Effect of Pipe Size on Solid Particle Erosion of Elbow in Liquid-Solid Flow: Experimental and CFD Analysis

Abstract Solid particle erosion prediction in liquid-solid flow is inherently more complex than in gas-solid systems due to the large interactions between fluids and solids and the low Stokes number of particles. In pipelines and pipe fittings, especially in industries such as oil and gas and mining, where sand particles are commonly found in transported fluids, solid particle erosion poses a significant challenge. These abrasive particles can cause wear and damage to the walls of pipes and fittings, with elbows being particularly susceptible due to their abrupt change in flow direction. The influence of pipe size on solid particle erosion in liquid-solid flow has been examined for elbows in series. Experiments were conducted using 50.8-mm (2-inch) and 76.2-mm (3-inch) stainless steel 316 standard elbows in a liquid-solid flow with a liquid velocity of approximately 6 m/s and volume sand concentration of around 2 percent with 300 particle size.
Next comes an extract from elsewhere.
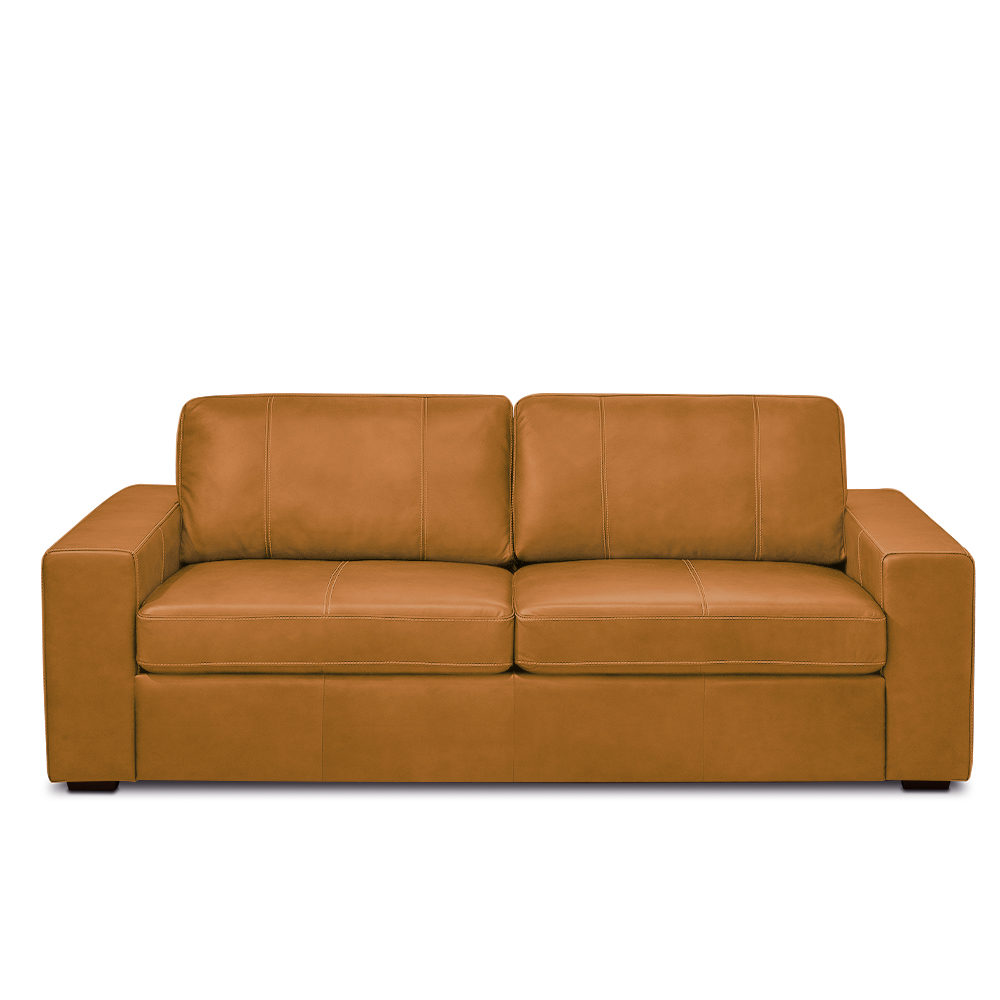 Sofá Decorativo Agatha 3 Lugares Sala de estar 235cm Pés em Madeira Couro Caramelo G88 - Gran Belo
The outcomes of this research provide valuable insights into the relationship between pipe size, comparing erosion rates and profiles, and determining the location of maximum erosion in both first and second elbows. Notably, the study reveals that the 3-inch elbow experiences a considerably lower maximum erosion rate compared to the 2-inch elbow. Furthermore, the CFD simulations offer a deeper understanding of the underlying fluid dynamics and erosion mechanisms. This study not only investigates the specific case of pipe size but also contributes to a standardized method for more accurate CFD simulation of solid particle erosion in liquid-solid flow for elbows.